Ma allora che c'entra l'energia?

Cominciamo dal principio. Qualche riflessione sul concetto di energia.

La correttezza formale vuole che “energia” sia, oltre quella elettrica, anche quella che ad esempio esce dal camino o dalla doccia calda. Se si vuole c'è anche un po' di energia nel caffé.
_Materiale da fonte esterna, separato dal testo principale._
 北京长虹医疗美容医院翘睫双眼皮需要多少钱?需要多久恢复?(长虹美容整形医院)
Energia nel senso più ampio del termine è tutto quello che si misura in Joule o calorie. C'è energia nel gasolio e nell'idrogeno, nel carbone cinese e nel legno delle foreste pluviali, nel gas naturale e nelle flatulenze di un cinghiale, nell'olio combustibile in quello per frittura, nella benzina senza piombo e nella vodka, nel lavoro sprigionato dal motore a vapore o da quello di una pedalata, nel caldo del tubo di scappamento o in una lamiera nera esposta al sole, nelle onde radio e in quelle del mare, nel vento e, naturalmente, nella luce solare.
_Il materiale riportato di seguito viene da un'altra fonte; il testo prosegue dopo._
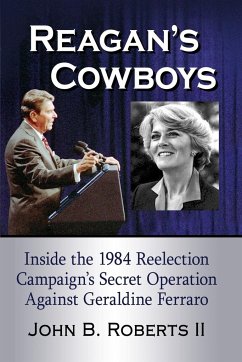 Reagan's Cowboys - Roberts, John B.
Ma torniamo alle biomasse.

Si dice che un ciocco di acero o di pioppo ben stagionato, da 1 kg di peso, contenga un ventina di Mega Joule. Non molti davvero, ma più o meno l'energia contenuta in una bottiglietta da 0,5 di petrolio. Quindi affacciandosi dalla finestra di una casa di campagna qualcuno potrebbe pensare di aver trovato il suo profumatissimo oro nero! Non del tutto sbagliato.

Se si ha un minimo di confidenza con i sussidiari delle scuole elementari, si sa che quello stesso acero o pioppo, per riuscire a slanciarsi in alto nel cielo, ha provveduto ad assorbire l'anidride carbonica (CO2) presente nell'aria combinandola all'acqua nel formare carboidrati. Pertanto se un contadino coltivasse un campo di grano e alla fine della stagione lo incendiasse, provocherebbe si lo sbigottimento di molti, ma il bilancio annuale di CO2 assorbita e rilasciata in atmosfera sarebbe pari a zero (ciò non toglie che, dalla combustione di biomasse, di inquinanti se ne possano produrre eccome).

Conclusione: ogni forma vegetale intorno a noi è un piccolo serbatoio di carboidrati pronti a liberare energia senza nessun rimorso per l'effetto serra galoppante!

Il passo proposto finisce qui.